## Extracted entries
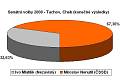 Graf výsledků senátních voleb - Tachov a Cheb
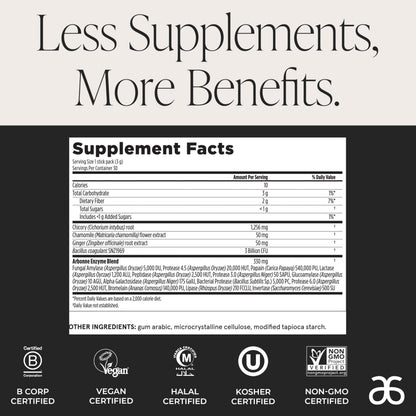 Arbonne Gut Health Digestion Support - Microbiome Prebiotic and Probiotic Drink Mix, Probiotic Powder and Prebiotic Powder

* * *

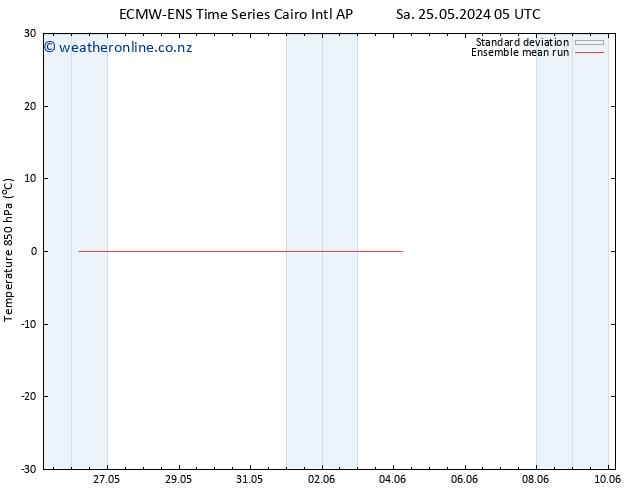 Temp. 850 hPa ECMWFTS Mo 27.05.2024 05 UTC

---

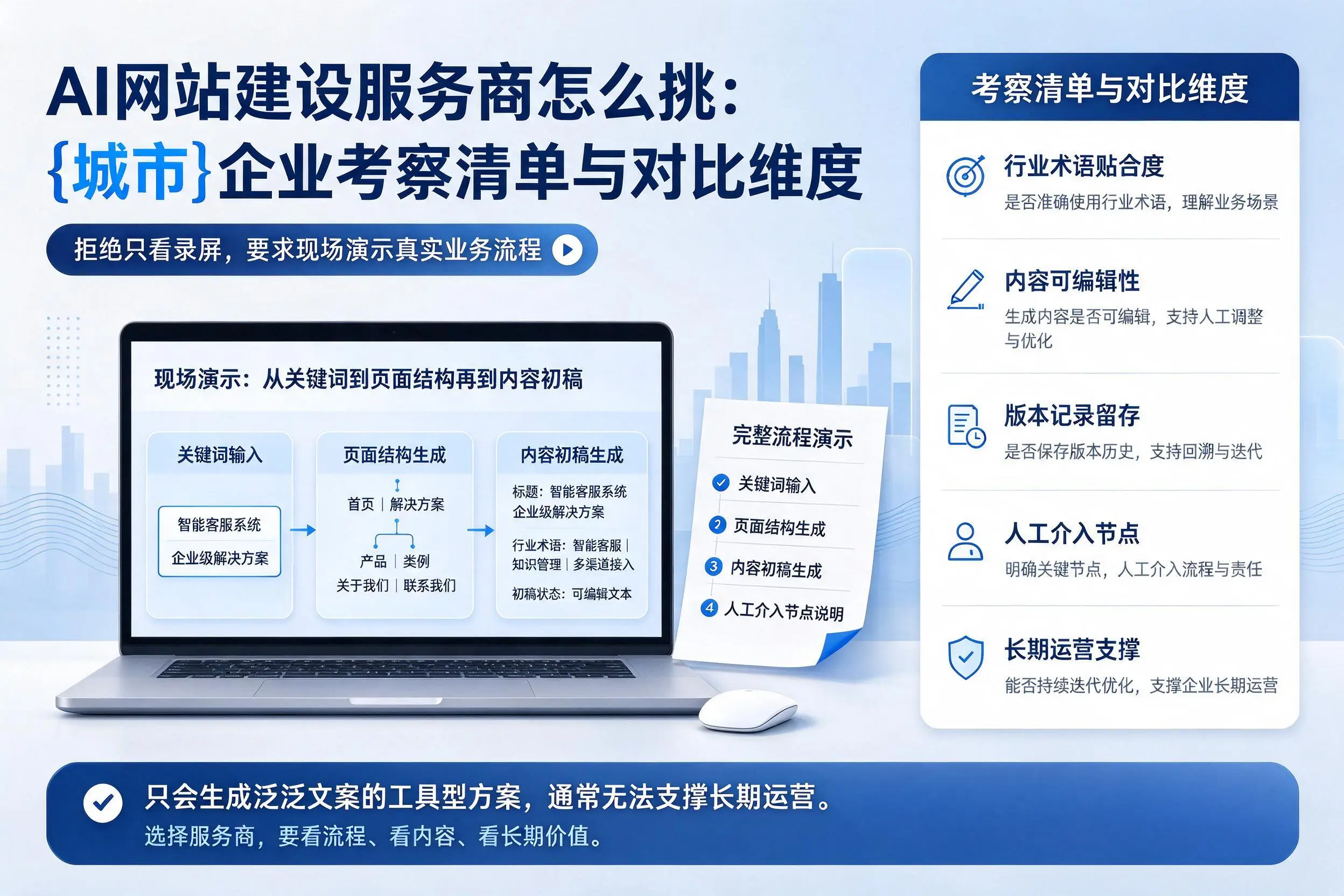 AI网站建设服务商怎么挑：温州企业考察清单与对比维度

## Instructions to follow
Go back to the listing above and reproduce, exactly, the stretch from the line bearing "Graf výsledků senátních" through the line bearing "Arbonne Gut Health", without its pictures.

## Written reply
 Graf výsledků senátních voleb - Tachov a Cheb
 Arbonne Gut Health Digestion Support - Microbiome Prebiotic and Probiotic Drink Mix, Probiotic Powder and Prebiotic Powder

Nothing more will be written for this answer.